On the latest episode of OpenObservability talks, I was thrilled to host Ben Sigelman, co-founder and GM of Lightstep (now part of ServiceNow), to get his perspective on the cardinality challenge of observability and the best ways to address the high costs organizations often see.

Ben is very vocal on this topic and his experience includes co-creating the OpenTracing and OpenTelemetry open source projects. He was also one of the people who architected Google’s own metrics and distributed tracing systems.

The Factors Driving Observability Costs

No matter the approach you take, the cost of observability ends up being dominated by the collection and long-term storage of the raw observability telemetry data itself, Ben said. The largest forms of data volumes are metrics data, logging data, and tracing data.

There are two main factors that contribute to the high cost of observability. The first is quite obviously the number of business transactions being performed. It is quite expected that as your business volume and the revenue grows, so will the associated data volumes with the associated cost. However, there is a second factor at play here: the number of microservices. In today’s systems running hundreds or thousands of microservices in production, this additional multiplier quickly gets monitoring and observability cost out of hand. As Ben said:

“So as you go, and both increase your top line in terms of application use, and then also increase the number of just engineers typing code, and number of services that are involved, you are going to see an explosion in the size of the data itself.”
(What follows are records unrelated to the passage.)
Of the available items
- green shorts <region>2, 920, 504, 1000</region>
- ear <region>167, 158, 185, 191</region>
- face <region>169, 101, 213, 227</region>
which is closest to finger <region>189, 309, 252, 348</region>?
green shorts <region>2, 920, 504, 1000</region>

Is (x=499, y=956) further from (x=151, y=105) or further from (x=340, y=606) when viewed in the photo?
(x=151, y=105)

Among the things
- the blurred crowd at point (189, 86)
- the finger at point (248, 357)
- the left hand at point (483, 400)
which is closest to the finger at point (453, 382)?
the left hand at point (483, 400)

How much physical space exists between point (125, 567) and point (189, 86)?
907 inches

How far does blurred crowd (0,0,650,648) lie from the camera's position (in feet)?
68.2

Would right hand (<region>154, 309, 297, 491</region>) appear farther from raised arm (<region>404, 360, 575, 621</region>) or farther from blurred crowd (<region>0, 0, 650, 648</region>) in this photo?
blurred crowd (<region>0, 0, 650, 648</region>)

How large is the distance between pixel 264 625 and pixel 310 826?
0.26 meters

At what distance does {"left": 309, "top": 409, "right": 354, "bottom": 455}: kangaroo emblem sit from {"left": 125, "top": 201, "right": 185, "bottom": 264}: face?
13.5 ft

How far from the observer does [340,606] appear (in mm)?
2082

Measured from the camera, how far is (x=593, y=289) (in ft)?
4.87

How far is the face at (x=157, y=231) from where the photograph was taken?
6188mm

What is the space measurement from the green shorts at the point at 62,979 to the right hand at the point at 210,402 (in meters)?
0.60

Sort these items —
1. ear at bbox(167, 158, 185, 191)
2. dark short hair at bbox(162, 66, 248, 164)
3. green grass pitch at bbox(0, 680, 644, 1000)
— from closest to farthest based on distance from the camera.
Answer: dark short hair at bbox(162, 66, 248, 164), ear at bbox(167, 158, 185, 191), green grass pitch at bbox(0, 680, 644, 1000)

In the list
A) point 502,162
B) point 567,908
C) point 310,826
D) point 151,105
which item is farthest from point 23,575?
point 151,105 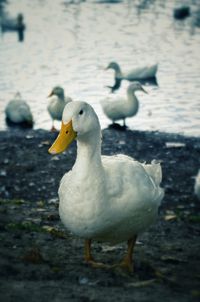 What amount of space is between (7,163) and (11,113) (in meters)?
4.29

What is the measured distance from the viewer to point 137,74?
2527 centimetres

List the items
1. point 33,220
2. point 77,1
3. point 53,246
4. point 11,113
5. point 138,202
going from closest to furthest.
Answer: point 138,202 < point 53,246 < point 33,220 < point 11,113 < point 77,1

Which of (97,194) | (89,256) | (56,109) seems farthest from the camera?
(56,109)

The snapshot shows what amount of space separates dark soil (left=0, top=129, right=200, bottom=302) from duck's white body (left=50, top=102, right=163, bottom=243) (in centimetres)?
57

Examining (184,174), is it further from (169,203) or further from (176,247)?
(176,247)

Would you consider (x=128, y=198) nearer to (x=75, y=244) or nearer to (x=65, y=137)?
(x=65, y=137)

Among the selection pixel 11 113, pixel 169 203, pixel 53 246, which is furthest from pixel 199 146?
pixel 53 246

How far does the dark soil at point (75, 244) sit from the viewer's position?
6832 millimetres

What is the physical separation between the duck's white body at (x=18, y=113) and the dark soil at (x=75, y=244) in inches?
111

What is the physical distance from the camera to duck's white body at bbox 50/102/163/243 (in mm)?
7078

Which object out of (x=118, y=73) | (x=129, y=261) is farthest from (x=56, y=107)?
(x=129, y=261)

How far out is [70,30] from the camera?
38219mm

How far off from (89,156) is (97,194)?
1.50 feet

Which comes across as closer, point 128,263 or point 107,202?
point 107,202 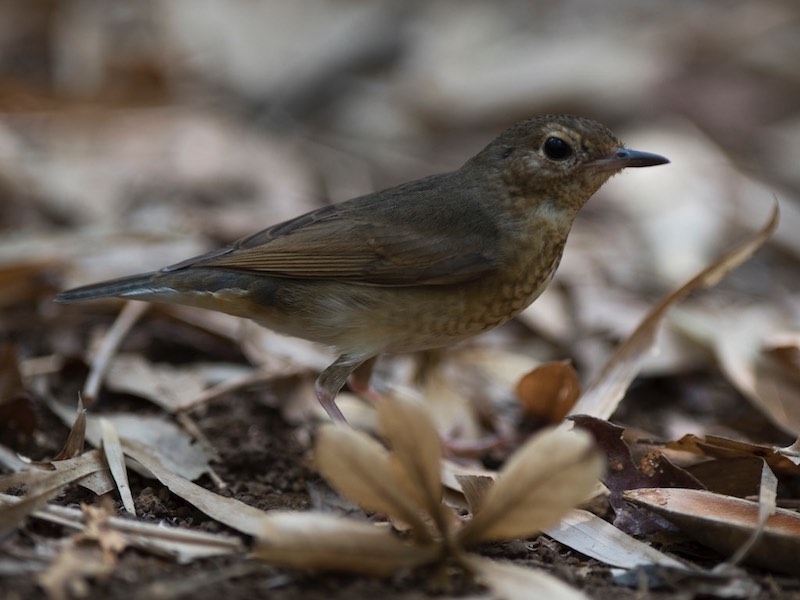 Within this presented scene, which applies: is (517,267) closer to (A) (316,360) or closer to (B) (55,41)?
(A) (316,360)

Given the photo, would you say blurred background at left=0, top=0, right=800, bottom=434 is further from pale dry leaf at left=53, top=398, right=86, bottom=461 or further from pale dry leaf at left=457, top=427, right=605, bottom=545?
pale dry leaf at left=457, top=427, right=605, bottom=545

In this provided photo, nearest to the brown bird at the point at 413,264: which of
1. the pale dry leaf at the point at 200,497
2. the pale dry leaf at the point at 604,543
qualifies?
the pale dry leaf at the point at 200,497

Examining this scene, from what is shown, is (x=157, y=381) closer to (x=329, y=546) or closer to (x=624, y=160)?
(x=329, y=546)

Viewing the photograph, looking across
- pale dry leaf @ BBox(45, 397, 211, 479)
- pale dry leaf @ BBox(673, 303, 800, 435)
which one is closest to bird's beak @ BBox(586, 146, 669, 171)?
pale dry leaf @ BBox(673, 303, 800, 435)

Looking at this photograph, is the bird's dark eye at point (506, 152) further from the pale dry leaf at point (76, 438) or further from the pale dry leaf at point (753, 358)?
the pale dry leaf at point (76, 438)

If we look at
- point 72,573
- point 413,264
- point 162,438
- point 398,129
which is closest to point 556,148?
point 413,264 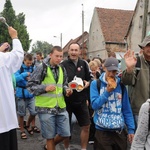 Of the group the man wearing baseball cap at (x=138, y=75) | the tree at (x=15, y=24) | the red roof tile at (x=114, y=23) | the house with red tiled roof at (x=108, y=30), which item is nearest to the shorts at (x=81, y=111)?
the man wearing baseball cap at (x=138, y=75)

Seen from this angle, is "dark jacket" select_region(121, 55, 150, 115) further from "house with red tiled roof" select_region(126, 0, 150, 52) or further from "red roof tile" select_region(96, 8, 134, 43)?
"red roof tile" select_region(96, 8, 134, 43)

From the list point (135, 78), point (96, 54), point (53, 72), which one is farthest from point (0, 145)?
point (96, 54)

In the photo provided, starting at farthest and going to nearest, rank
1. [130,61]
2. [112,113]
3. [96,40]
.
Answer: [96,40], [112,113], [130,61]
Another issue stems from organizations using monitoring tools to do observability. Ben describes monitoring tools as those who can produce metrics data by generating charts, alerts, etc. If that’s the only tool you have available to understand why something happened in your environment, you’ll have to do it by filtering and grouping. That can become extraordinarily expensive, and therein lies the cardinality problem.

“I’ve talked to economic buyers of metrics tools where they’ve had single developers add in one line of code, that’s costing them $200,000 a year, steady state, and that’s totally typical,” he said. “The cardinality problem needs to have a solution, or we’re going to end up in a negative ROI place for observability.”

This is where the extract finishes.